|DATE:||September 13, 1999|
|SUBJECT:||Child and Adult Care Food Program (CACFP) State Agency Maintenance of Lists of Seriously Deficient Facilities/Individuals|
Child Nutrition Programs
The purpose of this memorandum is to reiterate the authority and responsibility state agencies have in ensuring that facilities terminated for cause from CACFP by one sponsoring organization do not participate in the program under another sponsor. This memorandum follows up on our May 3, 1996, memorandum, “Child and Adult Care Food Program (CACFP) Seriously Deficient Providers.” In addition, we plan to address this issue in the forthcoming proposed rule on improving management and program integrity.
Yes. State agencies may currently compile such lists, even though these lists are not specifically mentioned in the CACFP regulations. We believe that these lists are an important tool for state agencies to utilize in their management of CACFP.
Although the current regulations at Section 226.6(c) are silent on the subject of sponsors taking agreements with terminated facilities, Section 226.6(m) indicates that state agencies have the authority and the responsibility to promptly investigate complaints or irregularities and to take appropriate action to correct any program irregularities. In conformance with Section 226.6(m), we believe that state agencies have the responsibility to ensure that child and adult care facilities and individuals which have been terminated for cause do not continue to participate in CACFP with another sponsoring organization. One method for ensuring that this does not occur is maintaining lists of any such facilities/individuals terminated for cause by sponsors or by the state agency.
Sponsoring organizations often have little information concerning the facilities which apply to participate in CACFP, except for information provided by the facilities themselves. A state agency’s maintenance of a list of day care home providers and child adult care centers that have been terminated by their sponsors provides sponsors with critical information concerning a facility’s prior participation or application to participate, in C.ACFP. Such lists help prevent a facility or individual terminated for cause by one sponsor from reapplying with another sponsor and continuing to participate in CACFP.
State legal counsel should be consulted when states establish the overall process of the seriously deficient facilities list for advice on issues related to due process and equitable treatment. Following are suggestions for how the process could be structured:
- Similar to the list maintained by Food and Nutrition Service of seriously deficient institutions, any child/adult care center or family day care home provider placed on a state agency’s seriously deficient facility list would be ineligible to participate in CACFP unless the state agency was later convinced that corrective action had been taken and removed the facility/individual from the list.
- Given the consequences of being placed on a list of seriously deficient facilities. State agencies should ensure that sufficient documentation exists, either at the sponsor or at the state agency, to demonstrate that an individual has committed serious program violations before being placed on the list. Such irregularities might include, but are not limited to:
- deliberate misrepresentation of information submitted on an application;
- continued failure to maintain adequate records to support a claim for reimbursement;
- submission of false claims for reimbursement; -
- falsification of fire, health or licensing certifications (where applicable);
- simultaneous participation under more than one sponsor;
- conduct which threatens the health or welfare of children]adults in care; and
- repeated failure to meet routine administrative requirements.

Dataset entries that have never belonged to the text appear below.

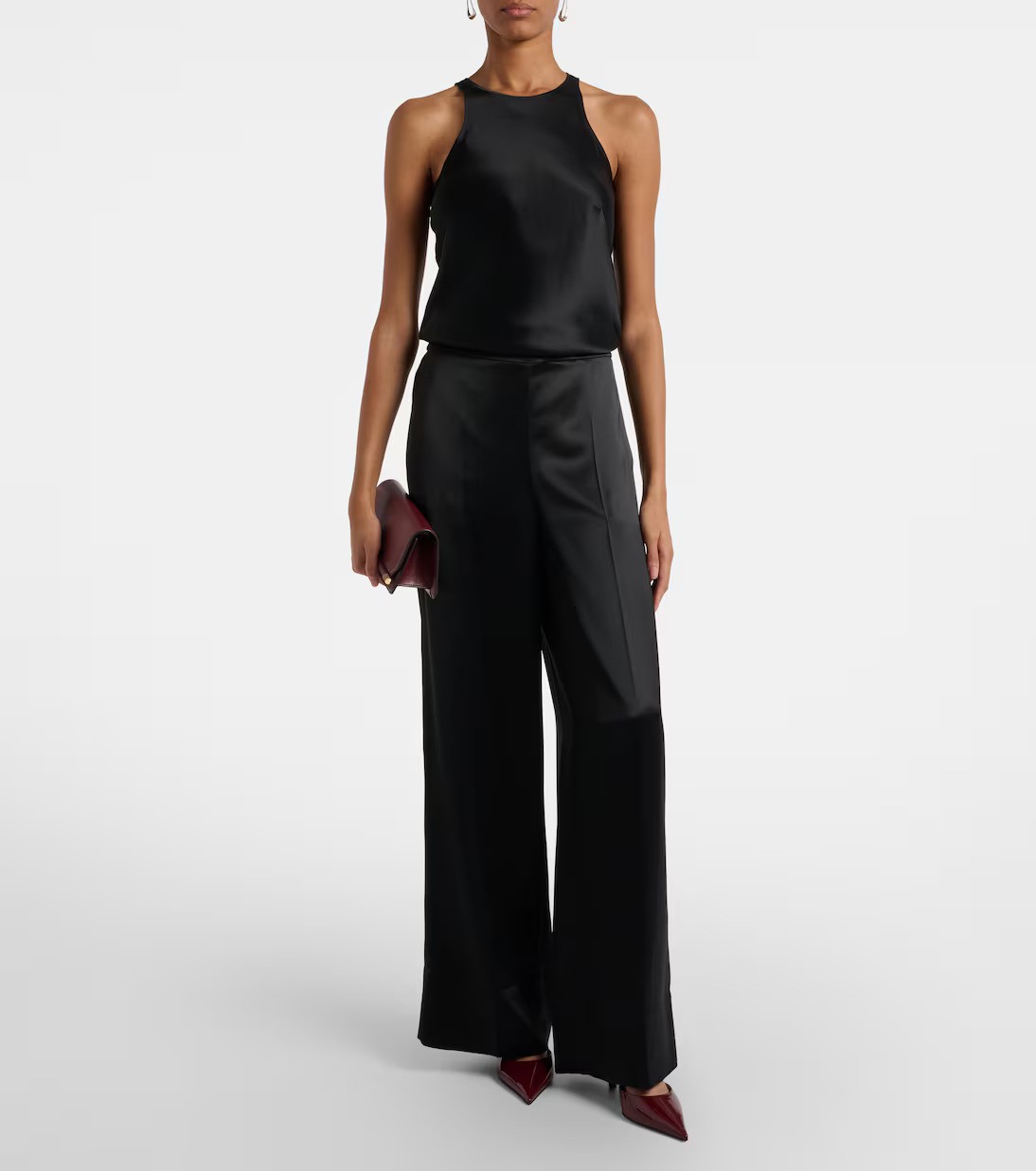 Joseph, Dijon Satin Wide-Leg Pants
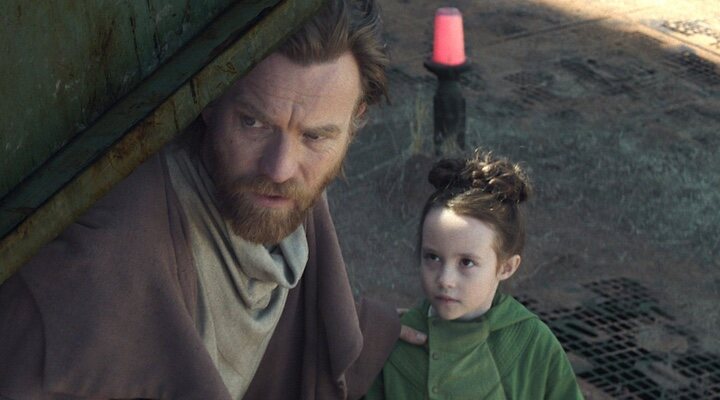  Ewan McGregor y Vivien Lyra Blair en 'Obi-Wan Kenobi'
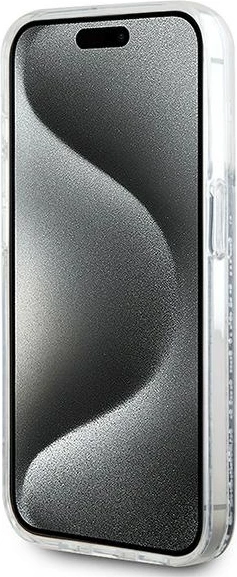 Mbështjellës Karl Lagerfeld Liquid Glitter Choupette Head MagSafe për iPhone 14 Pro, Transparent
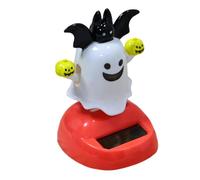 Solar Powered Dancing Figures - Halloween Ghost Solar Dancing Bobble Shaking Head | Shaking Doll Spooky Toy for Halloween Office Desk Decorations Home Interior Party Favors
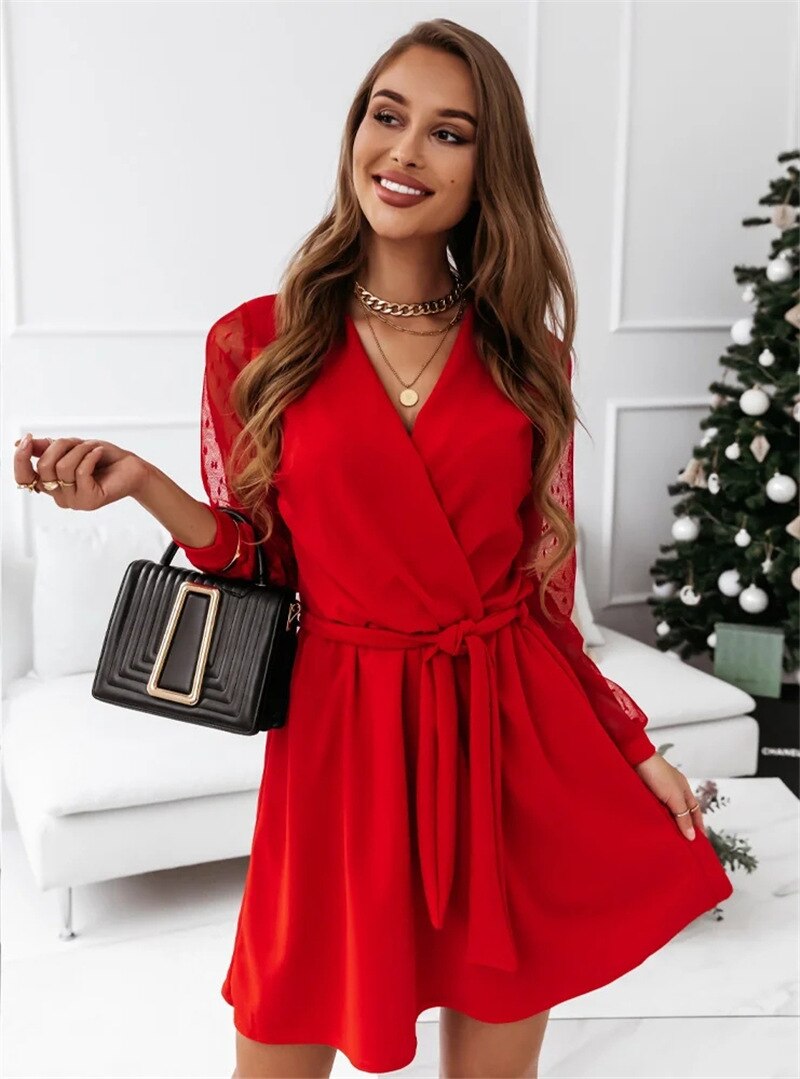 Cher - Flare Mini Jurk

- The state agency should be responsible for making the final determination of which child/adult care facilities should be placed on the list, and the type(s) of corrective action which could result in a facility/individual being removed from the list and permitted to participate in the program again.
Section 17 of the National School Lunch Act does not provide an appeals process for facilities removed from CACFP. We strongly encourage state agencies to consult their own state legal counsel for advice on establishing an appeals process for facilities which have committed serious program violations and have been placed on the list of seriously deficient facilities.